Les travaux existants tendent à étudier ces évolutions de manière sectorielle. Ce faisant, ils s’approprient fréquemment les grilles de lecture des acteurs de ces secteurs. Par exemple, les études des changements survenus dans le domaine de la médecine analysent souvent ceux-ci en termes de risques posés pour la santé publique par la diffusion des attitudes de "résistances" aux pratiques traditionnelles. De la même manière, les recherches sur les évolutions du secteur du journalisme se focalisent sur les logiques de diffusion des "infox" et sur les effets qu’elles peuvent avoir sur la vie démocratique. Il en va de même pour le climato-scepticisme, fréquemment étudié sous l’angle de sa diffusion et des méthodes qui peuvent être déployées pour la limiter. Ainsi, d’un point de vue normatif, ces phénomènes sont majoritairement lus, dans les publications scientifiques comme dans le débat public, comme des pathologies qu’il faudrait contenir et guérir.

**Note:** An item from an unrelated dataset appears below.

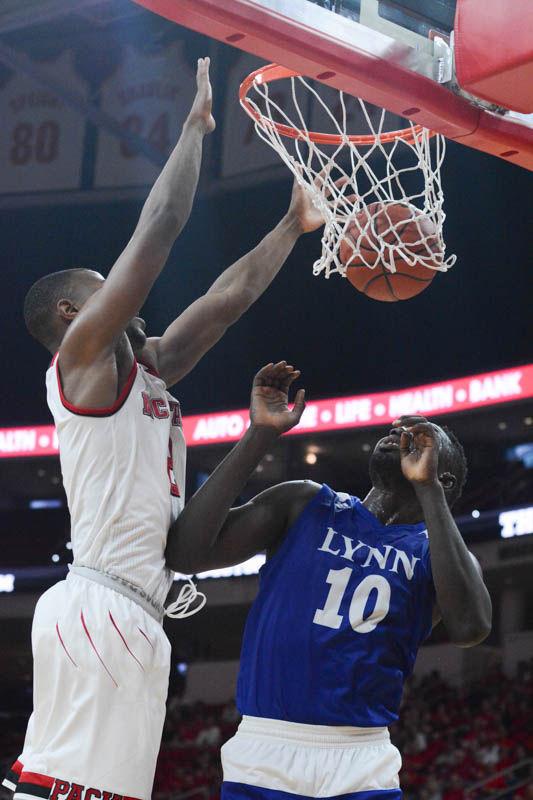 Sophomore guard Torin Dorn dunks on Kande Vieux from Lynn University. The Pack won their first exhibition match with a final score of 100-66 in PNC Arena on Thursday.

 La sectorisation des travaux et leur reprise des grilles de lecture indigènes font écran à la construction de savoirs distanciés. Le pari de cette journée d’étude est qu’en dépit de leurs différences empiriques, ces multiples évolutions peuvent être analysées de concert pour mettre au jour les ressorts d’un processus commun : la dépréciation de la valeur des savoirs légitimes et des institutions qui les produisent. Les contributions partagent ainsi l’ambition de questionner ce qui se joue dans la dérégulation et la remise en cause de l’autorité des grandes institutions qui, traditionnellement, jouent un rôle de consécration et de diffusion des savoirs dans les sociétés contemporaines – telles les sciences ou le journalisme.